The summer season has arrived and folks across Massachusetts are enjoying all that comes with it. Summer BBQs, pool parties, vacation road trips, and, of course, ICE CREAM.

I've never been one to head out specifically for ice cream. Do I like it? Sure, but I don't make it a destination. What I do remember from my childhood summers on the Connecticut shore was the excitement I felt when I heard the distant sound of the ice cream truck. Even though it was probably half a mile down the beach, my brother cousins, and I would drop what we were doing and beg the nearest adult for cash with a sense of urgency.

Now, as an adult when I hear the tones of the ice cream truck cruising around the streets of my very family-friendly Pittsfield, Massachusetts neighborhood, all I think is those poor parents! Something that brings kids so much joy is probably a parent's worst enemy by the time September rolls around. Not to mention the time of day that some of these trucks run! I swear I heard this guy cruise down the street (at a glacial pace) at 8:30 the other night, and no this wasn't a weekend, it was a Tuesday.

So it got me thinking, there has to be an ordinance capping the time Ice Cream trucks can play music, right? The answer: not really.

Is It Illegal for Ice Cream Trucks to Play Music After a Certain Hour in Massachusetts?

In most Massachusetts cities and towns, there are noise ordinances that prevent loud music (among other things) after a certain time. Generally speaking, noise ordinances in Massachusetts prevent noises over a certain decibel between the hours of 9 p.m. and 7 a.m., although there are multiple variations that depend on proximity to other homes, businesses, parks etc, and size of the town or city, according to For example, Boston's noise ordinance starts at 11 p.m. rather than 9 p.m.

So technically, as long as the volume is low enough, and it's before your area's noise ordinance kicks in, ice cream trucks are free to play their music.

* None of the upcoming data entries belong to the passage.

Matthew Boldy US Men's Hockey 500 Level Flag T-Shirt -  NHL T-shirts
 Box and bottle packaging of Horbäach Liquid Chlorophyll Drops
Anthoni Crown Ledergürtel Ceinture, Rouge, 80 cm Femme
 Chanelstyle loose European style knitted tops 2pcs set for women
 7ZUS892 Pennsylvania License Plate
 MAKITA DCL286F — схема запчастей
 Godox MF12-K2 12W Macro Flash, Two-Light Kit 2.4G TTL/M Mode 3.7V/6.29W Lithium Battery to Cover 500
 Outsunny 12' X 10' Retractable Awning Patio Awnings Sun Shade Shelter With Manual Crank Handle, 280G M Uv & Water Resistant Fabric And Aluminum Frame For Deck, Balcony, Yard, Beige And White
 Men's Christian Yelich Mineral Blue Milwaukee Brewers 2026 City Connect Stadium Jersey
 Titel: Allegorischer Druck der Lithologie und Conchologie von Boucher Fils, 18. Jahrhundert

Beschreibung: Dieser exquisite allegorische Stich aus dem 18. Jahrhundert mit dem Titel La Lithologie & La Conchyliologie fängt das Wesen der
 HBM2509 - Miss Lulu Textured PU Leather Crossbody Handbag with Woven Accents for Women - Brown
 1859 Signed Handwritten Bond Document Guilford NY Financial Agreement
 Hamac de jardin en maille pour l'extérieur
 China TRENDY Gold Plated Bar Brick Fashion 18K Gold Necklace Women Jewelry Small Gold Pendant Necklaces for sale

However, I did discover that once Massachusetts town added language specific to ice cream trucks to their town ordinances. According to The Eagle-Tribune, in 2010, the City Council of Methuen, Massachusetts voted 8-1 "to add language to the city noise ordinance that specifically mentions ice-cream vendors as prohibited from playing music in city streets." The complaint the sparked the council's vote did come from a parent, but not over a general annoyance with the noise, it seemed from her 10-year-old autistic son who was sensitive to noise. Her young child experienced panic attacks due to the truck's music.